Bangkok, Mar 24: Shares fell on Friday in Asia as worries over turmoil in the banking sector and recession risks overshadowed gains on Wall Street.
Benchmarks declined in most major markets, while US futures were higher. Oil prices fell.
Investors are worried that more banks might suffer a debilitating exodus of customers following the second- and third-largest US bank failures in history.
That turmoil is clouding the outlook for what the Federal Reserve will do with interest rates after hiking them to market-rattling heights over the last year.
The fear is that all the turmoil in the banking industry could cause a sharp pullback in lending to small and midsized businesses around the country.
That could put more pressure on the economy, raising the risk for a recession that many economists already saw as likely.

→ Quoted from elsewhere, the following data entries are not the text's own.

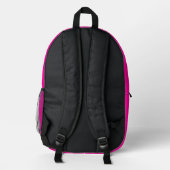 Sac À Dos Imprimé Rose chaud solide avec nom (Verso)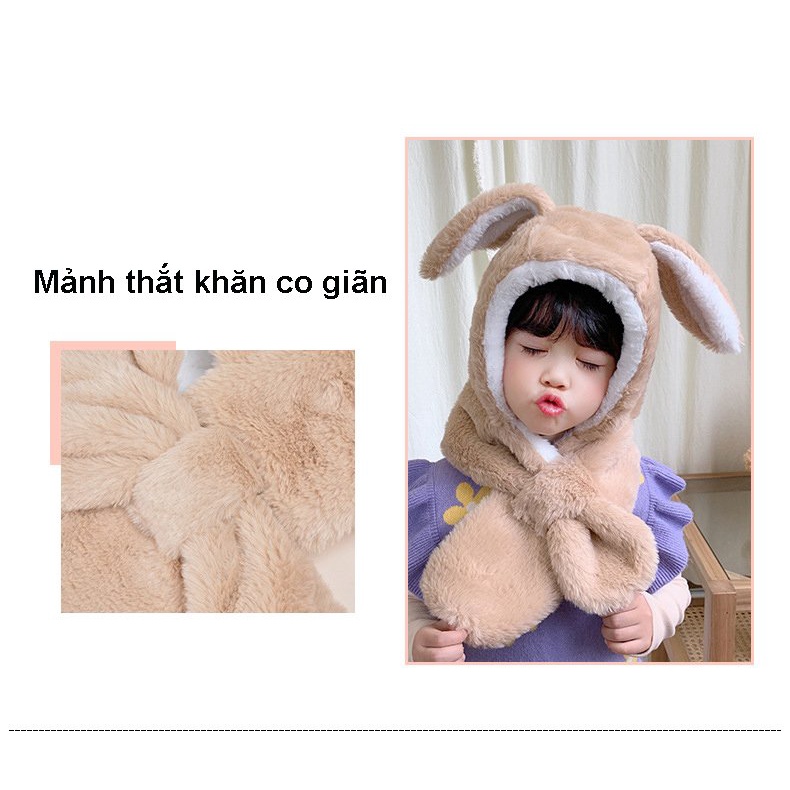 Mũ len cho bé trai gái trùm đầu tai gấu NANA nón len nam nữ kèm khăn quàng cổ mùa giữ ấm mùa đông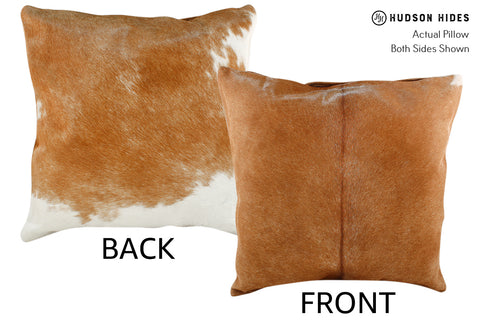 Brown and White Cowhide Pillow #18761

Regional banks shares in Asia were modestly lower Friday, with HSBC Holdings plc losing 2.7 per cent in Hong Kong while mid-sized Japanese bank Resona Holdings declined 3per cent.

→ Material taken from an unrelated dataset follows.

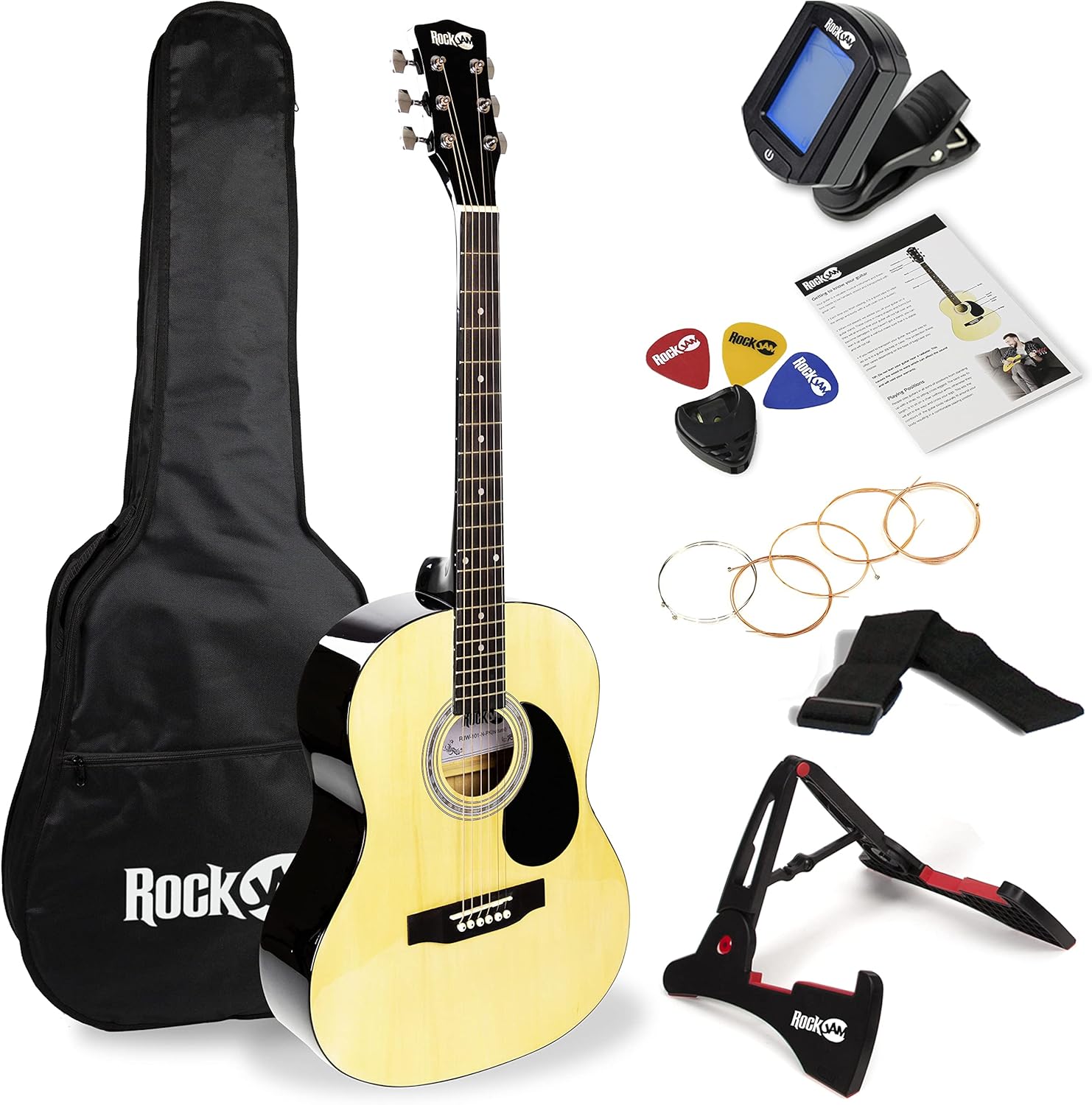RockJam Acoustic Guitar Superkit Includes Stand, Gig Bag, Tuner, Picks, Plectrum Holder, Spare Strings Online Lessons 6 Pack, Right, Natural, Full (RJW-101-N-PK)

Shares in Japanese energy and electronics company Toshiba Corp. Gained 4.3 per cent after it announced late Thursday that it had accepted a USD 15 billion tender offer from a buyout fund made up of the nation’s major banks and companies.
If regulators approve it, the proposed buyout by private equity firm Japan Industrial Partners would be a major step in troubled Toshiba’s yearslong turnaround effort, allowing it to go private.
Tokyo’s Nikkei 225 index lost 0.1 per cent to 27,385.25 and the Kospi in Seoul gave up 0.4per cent to 2,414.96. Hong Kong’s Hang Seng slipped 0.8 per cent to 19,885.45 and the Shanghai Composite index edged 0.1per cent lower, to 3,265.55.
Australia’s S and P/ASX 200 shed 0.2 per cent to 6,955.20. Shares rose in Bangkok, Mumbai and Taiwan.
On Thursday, the S and P 500 added 0.3 per cent for its third gain in four days, closing at 3,948.72. The Dow Jones Industrial Average gained 0.2 per cent to 32,105.25 after seeing an early gain of 481 points evaporate.
The Nasdaq composite held up better thanks to strength in technology shares, gaining 1 per cent to 11,787.40.
Big technology and other high-growth stocks were among the strongest on Wall Street. Nvidia rose 2.7 per cent, and Microsoft gained 2 per cent.
Stocks fell sharply the day before after the Federal Reserve indicated that while the end may be near for its hikes to interest rates, it still doesn’t expect to cut rates this year.
Fed Chair Jerome Powell also insisted the Fed could keep raising rates if inflation stays high.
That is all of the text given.